Texas Archeology – At a Glance

Did you know …

  • Archeology is not the study of dinosaurs, or rocks, or fossils-archeology is the study of past human cultures.
  • People came to North America over an Arctic land bridge across the Bering Strait, and they came to Texas thousands of years before Columbus arrived in the New World.
  • American Indians did not use the bow and arrow until about 1500 years ago-earlier hunters used spears.
  • Some stone points that people call arrowheads are really spear points.
  • The horse was introduced to American Indians by the Spaniards after A.D. 1500.
  • Bison (or American Buffalo) were hunted by American Indians afoot-long before the horse was introduced to the New World.
  • Changes in climate caused the extinction or many large mammals-such as a large bison (much larger than the bison of historic times) and mammoth-and this caused changes in the lifeways of prehistoric people for thousands of years.
  • The Karankawa of the Texas coast spoke a language related to Indian languages of the Caribbean region, and the Karankawa may have come to Texas by boat in prehistoric times.
  • Prehistoric Texas Indians were trading for turquoise and obsidian from New Mexico, shell from the Pacific and the Atlantic coasts, and exotic stone from as far away as Minnesota.
  • A stone quarry in Texas was used by many Indians of the southern Great Plains and is now a national monument-Alibates National Monument, in the Amarillo area.
  • In addition to the projectile points (stone points for arrows and spears), Indians made many other tools of stone, bone, and shell-including knives, drills, axes, awls, hoes, and grinding implements.
  • Prehistoric people in Texas used plant fibers to make baskets, mats, sandals, and many other useful objects.
  • Well-preserved woven sandals have been found by archeologists in the dry rock shelters of southwestern Texas.
  • Some of the most impressive prehistoric rock art in North America is found in Texas- visitors can see excellent examples at Hueco Tanks and Seminole Canyon state parks.
  • Not all Indians lived in Tipis-many Texas Indian villagers lived in thatched or adobe houses, and many nomadic groups lived in brush or hide covered shelters or rock shelters.
  • Corn has been cultivated in Texas for at least 2,000 years. Beans and squash were other staple foods of the early Texas agriculturalists.
  • Many Texas Indians made ceramic pots for cooking and storage, and the Caddo of Northeast Texas and the farmer-villagers along the upper Rio Grande made elaborately decorated vessels or many shapes and sizes.
  • The accounts of early explorers can help archeologists understand many sites. Much that we know about the historic Indians of southern Texas comes from the accounts of Cabeza de Vaca, who was shipwrecked on the Texas coast and traveled through southern Texas and northern Mexico for eight years, from 1528 until 1536.
  • The first black explorer in Texas was Estevanico, a Moor who traveled with Cabeza de Vaca.

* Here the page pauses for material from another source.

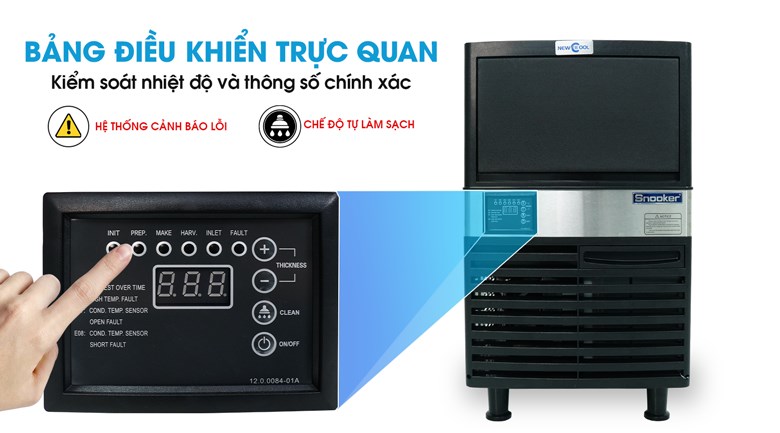 Bảng điều khiển dễ sử dụng, kiểm soát nhiệt độ chính xác 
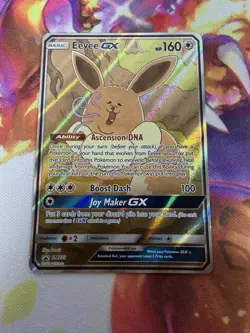 Pokemon TCG Sun & Moon Black Star Promo Eevee GX SM233 Mint - Image 1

  • The Tigua Indians came to the El Paso are from New Mexico in the 1680s, and some of their fields have been in continuous cultivation since that time.
  • The Alamo is a Spanish mission and was the first mission established in San Antonio, in 1718.
  • The first ranches in Texas were 18th-century Spanish mission ranches along the San Antonio River, where mission Indians tended in the livestock.
  • Archeological studies at historic sites (such as early settlements, forts, and homesteads) also fill gaps in Texas history, from the Spanish Colonial period to the present.
  • As many as 90% of the recorded archeological sites in some areas of Texas have already been destroyed.
  • By participating in local, regional, and state archeological societies and preservation groups, by participating in and supporting Texas Archeology Awareness Month, and by learning more about archeology in Texas, you can make a difference. Please help us preserve your archeological heritage.